Questions: Solve the inequality. -4 / (-7 x - 4) > 0 (-4/7, ∞) (-∞, -7/4) (-∞, 4/7) (0, ∞)

Transcript text: Solve the inequality. \[ \frac{-4}{-7 x-4}>0 \] $\left(-\frac{4}{7}, \infty\right)$ $\left(-\infty,-\frac{7}{4}\right)$ $\left(-\infty, \frac{4}{7}\right)$ $(0, \infty)$

Solution

Solution Steps

Step 1: Simplify the Inequality

Given the inequality: \[ \frac{-4}{-7x - 4} > 0 \] We need to determine when the fraction is positive. A fraction is positive when both the numerator and the denominator have the same sign.

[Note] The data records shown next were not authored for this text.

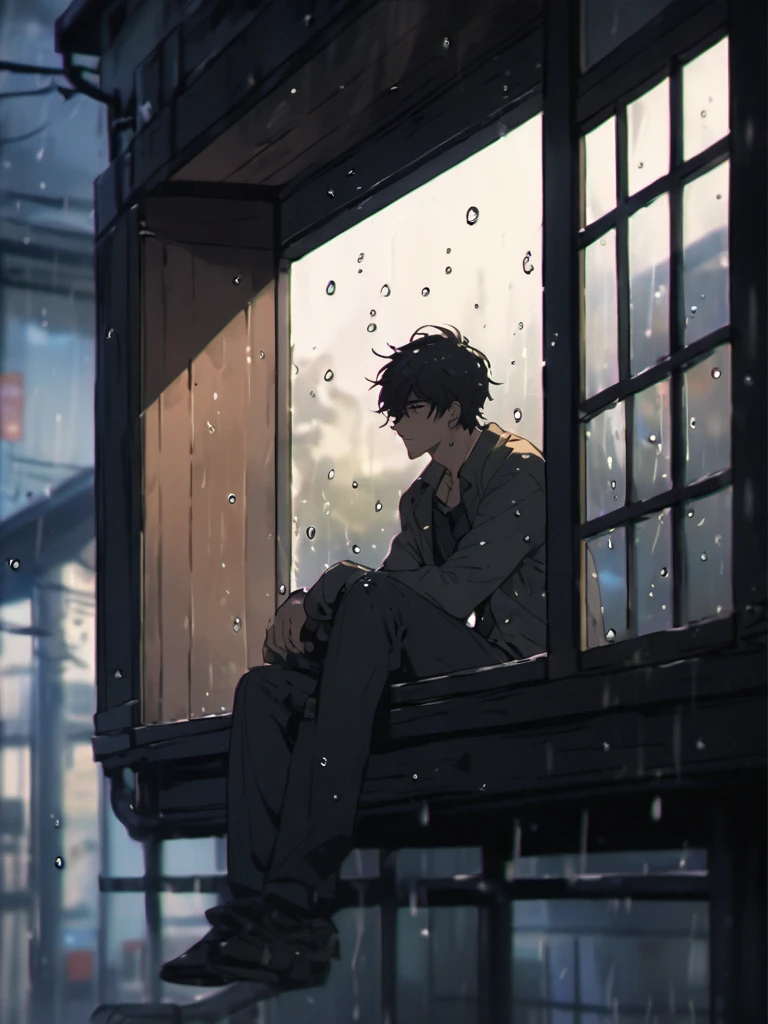 sitting and looking out the window with raindrops splattering towards him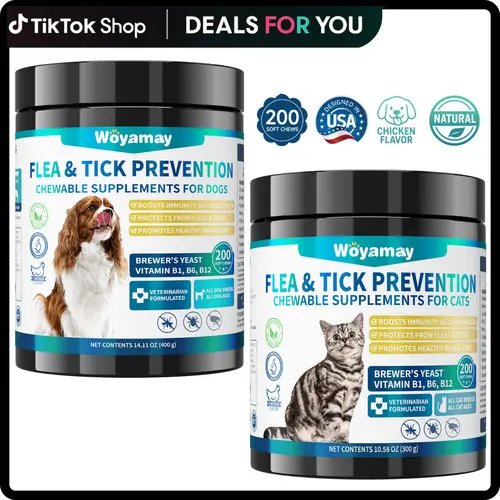 Woyamay Flea & Tick Chewable Supplements Combo Pack for Dogs & Cats - Natural Chicken Flavor, 400 Total Chews, 24 Months Shelf Life, Oil & Vitamin B, Daily Canine Wellness, Digestive Remedy, All Breeds, Skin Moisturizing, Shiny Coat Pet Supplies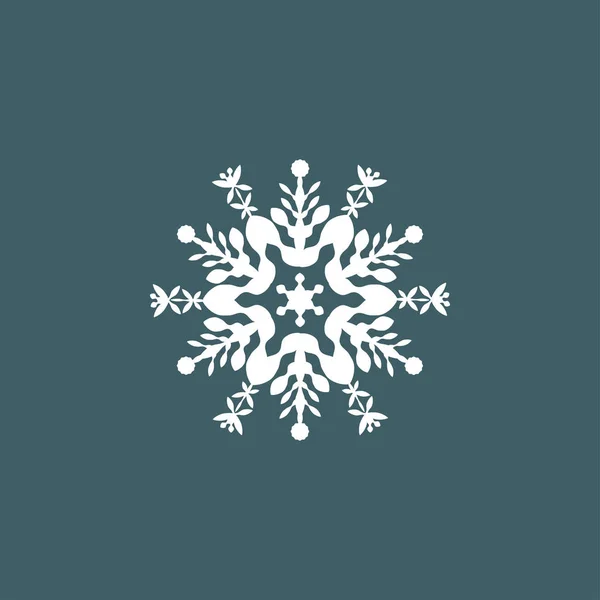 Ilustración Vectorial Copos Nieve Sobre Fondo Gris Azul Icono Gráfico — Vector de stock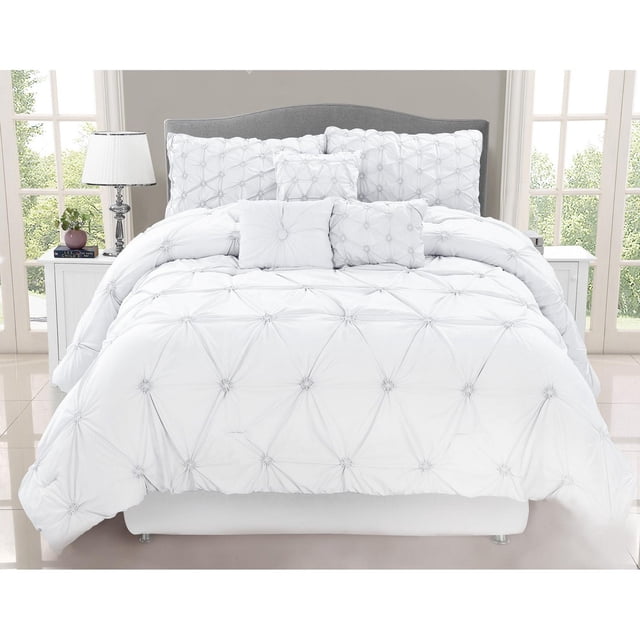 Safdie & Co. Home Deluxe Collection White 100% Polyester Comforter Set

Step 2: Determine the Sign of the Denominator

The numerator $-4$ is always negative. Therefore, for the fraction to be positive, the denominator $-7x - 4$ must also be negative: \[ -7x - 4 < 0 \]

Step 3: Solve for $x$

Solve the inequality for $x$: \[ -7x - 4 < 0 \] Add 4 to both sides: \[ -7x < 4 \] Divide by $-7$ and reverse the inequality sign: \[ x > -\frac{4}{7} \]